Adjusted EPS rose 39% YoY to $2.69 and revenue jumped 23% YoY to $8.3B in fiscal Q2; Jabil raised fiscal 2026 EPS guidance to $12.25 (from $11.55) and now expects AI revenue to increase 46% to $13.1B. The company is pursuing a third hyperscaler customer, completed a $500M capacity expansion (on track), has capacity utilization at 75% targeting 80%, and sees adjusted operating margin expanding to >6% (vs prior 5.7%), supporting upside to the stock.

Analysis

Jabil’s ramp in AI-related builds is less a pure demand story and more a fixed-cost absorption story: incremental hyperscaler orders will flow almost directly to operating margin as newly commissioned capacity and tooling are already installed. That creates a convex earnings profile where a handful of large order wins — not steady broad-market growth — materially drives EPS beats over the next 12–24 months. The most important second-order effect is on component suppliers and aftermarket services.

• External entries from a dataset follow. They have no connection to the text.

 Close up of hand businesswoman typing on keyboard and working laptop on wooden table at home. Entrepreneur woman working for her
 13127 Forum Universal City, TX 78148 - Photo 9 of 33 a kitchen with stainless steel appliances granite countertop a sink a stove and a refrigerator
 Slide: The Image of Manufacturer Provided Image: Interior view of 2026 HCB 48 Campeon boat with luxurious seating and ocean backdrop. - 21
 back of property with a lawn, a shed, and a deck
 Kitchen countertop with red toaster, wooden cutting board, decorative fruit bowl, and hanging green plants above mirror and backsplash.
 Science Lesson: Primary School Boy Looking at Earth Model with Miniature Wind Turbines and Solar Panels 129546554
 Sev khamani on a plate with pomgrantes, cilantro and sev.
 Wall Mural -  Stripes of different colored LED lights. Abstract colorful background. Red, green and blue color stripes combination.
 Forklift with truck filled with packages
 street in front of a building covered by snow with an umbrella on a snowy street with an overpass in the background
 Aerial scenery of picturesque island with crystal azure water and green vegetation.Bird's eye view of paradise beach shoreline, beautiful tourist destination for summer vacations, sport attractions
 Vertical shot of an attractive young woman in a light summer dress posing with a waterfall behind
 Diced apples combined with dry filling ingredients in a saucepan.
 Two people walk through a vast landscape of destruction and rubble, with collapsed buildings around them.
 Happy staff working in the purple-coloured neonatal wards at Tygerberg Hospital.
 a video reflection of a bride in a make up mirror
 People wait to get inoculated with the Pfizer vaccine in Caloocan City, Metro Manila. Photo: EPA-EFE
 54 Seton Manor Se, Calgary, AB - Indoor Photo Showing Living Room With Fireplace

Faster adoption of liquid cooling and custom rack designs shifts value to specialized cold-plate, pump and assembly suppliers and creates a recurring serviceable-revenue stream (maintenance, retrofits, decommissions) that incumbents often under‑price. Conversely, traditional OEMs and smaller EMS players without dedicated AI-factory assets risk margin compression as hyperscalers favor scale partners with integrated thermal/power expertise. Key near-term catalysts are discrete: announcement of new hyperscaler contracts, quarterly capacity-utilization inflection, and visible pricing trends for cooling subsystems. Tail risks are concentrated — a large hyperscaler pause, accelerated vertical integration by a hyperscaler, or a component bottleneck that forces Jabil into guaranteed-delivery discounts could flip the narrative quickly within a single quarter. The consensus appears to treat Jabil purely as an AI exposure play and underweights business-model optionality (recurring service revenue + proprietary rack IP) while also understating mean-reversion risk once capacity saturates. Trade sizing should therefore target event-driven convexity: asymmetric option structures or pairs that capture upside from order flow while limiting downside from cyclical capex pauses.